COLLECTED DATA:
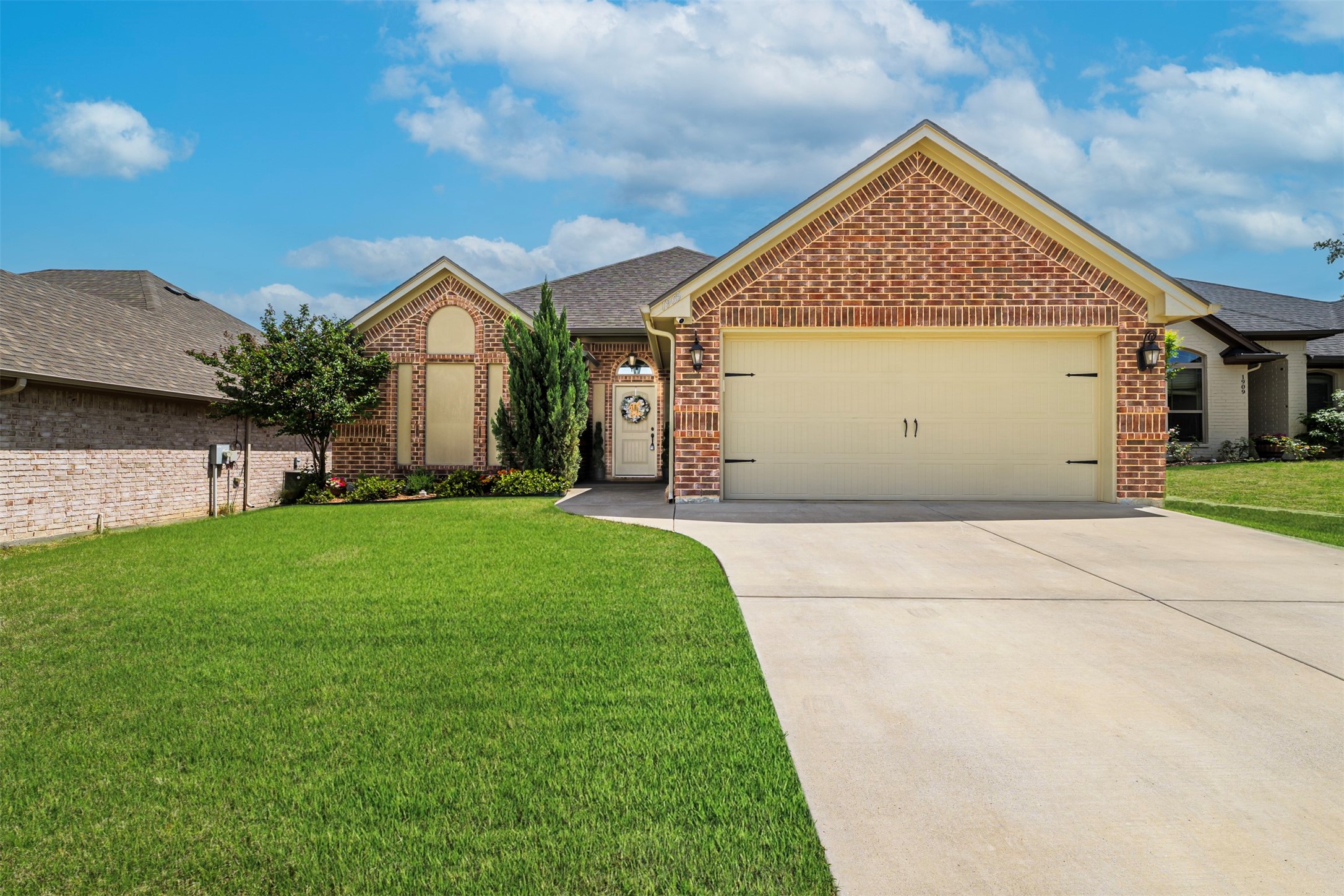 1905 Town Creek Circle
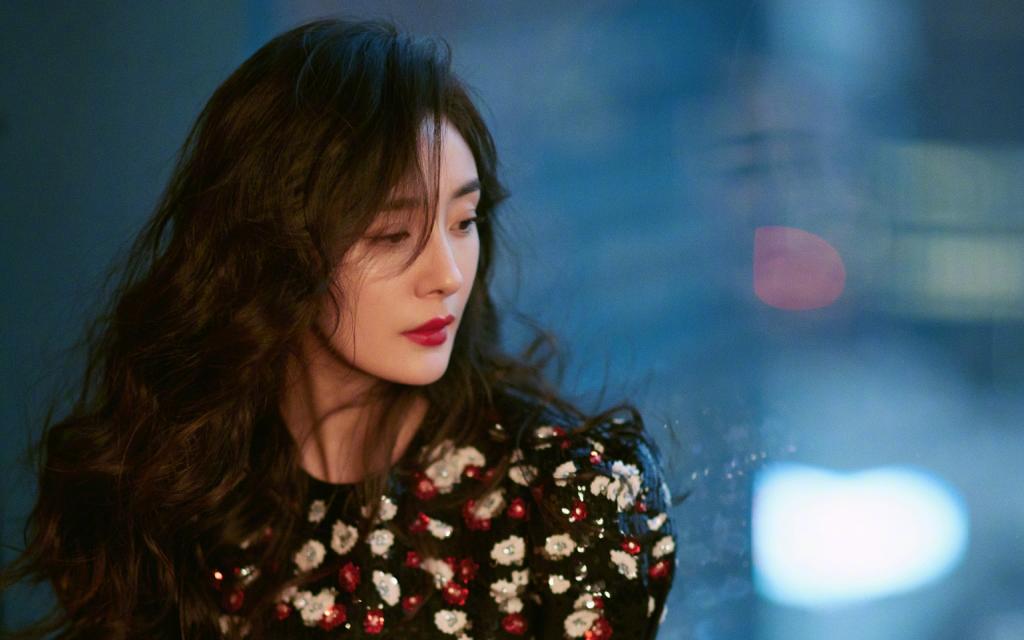 杨幂轻熟性感写真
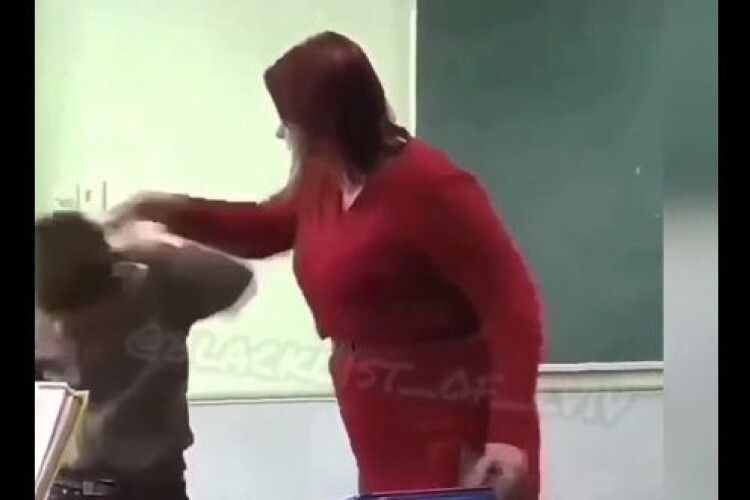 «Не проконтролювала емоції»: заступниця директора школи побила учня перед усім класом (Відео)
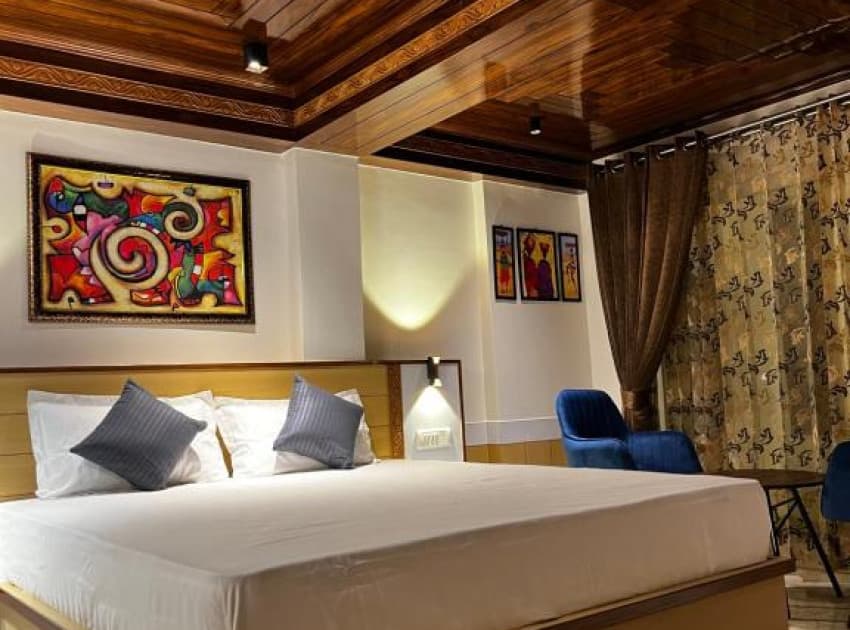 Book Deluxe Queen Room room in Shimla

ACTIVITY: Everything in the data above, apart from the pictures, should be retyped exactly.

WRITTEN ANSWER:
 1905 Town Creek Circle
 杨幂轻熟性感写真
 «Не проконтролювала емоції»: заступниця директора школи побила учня перед усім класом (Відео)
 Book Deluxe Queen Room room in Shimla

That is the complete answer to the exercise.